On Sunday night, the Berliner ensemble simultaneously presented two plays by Lessing: Nathan the Wise, which I had already seen, played the main stage, while The Jews was offered nextdoor at the Probebuehne, the rehearsal space which is used as a studio theatre, an unusual white box, at least for this production.
Nathan and The Jews are very different plays: Nathan has a historical setting, in medieval Jerusalem, The Jews is set in Lessing’s contemporary Germany. Nathan is a verse play, The Jews is written in prose. Most importantly perhaps, Nathan aspires to the lofty status of an Ideendrama, while The Jews is only a Lustspiel, a “fun play”. (Back then a German author could still write a play called The Jews and call it a comedy). Both plays, however, deal with religious intolerance, and particularly with the treatment of the Jews, an issue that Lessing held very strong views about. Both plays were attacked: The Jews was accused of being “unlikely”, which might seem like a silly thing to say of a play in our postmodern world, but classicist vresaimblance was still the house style in Germany at the time.
The plays are similar in more ways than that, however, and these productions bring out the key similarity.
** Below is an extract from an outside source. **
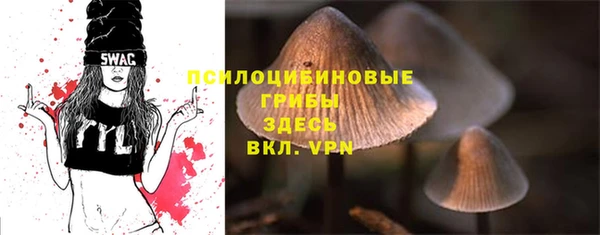 метадон Алексин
The token Jewish character in each of the plays (Nathan and the “Traveler”) is played with naturalistic reserve, while the several other characters (Christians and Muslims in Nathan, aristocrats and lackies in The Jews) are grotesquely exaggerated. Even the costumes of the two Jews most nearly resemble what passes for “normal” clothing: The “Traveler” wears normally cut trousers while the other men in The Jews appear in breeches.
The result is that the two jews seem much more approachable and human to the audience, encouraging identification and empathy. If the plays are ment to argue that Jews are humans, the direction seems to suggest that they are the most human of humans. The strategy pays off: When each play ends with its Jewish everyman left alone on stage in a spotlight, while a merry mob of gentiles marches off laughing (at him?), Lessing’s contrived conciliatory endings seem troubling.
Of course the actors have to rely on grosss stereotypes to achieve that goal, but a lot of the comedy, in both cases, comes out of their most exaggerated moments. The two women in particular are irresistibly funny: Hanna Juergens is the naive ingenue, while Therese Affolter is her wiser and very horny maid. Sehr lust-ig!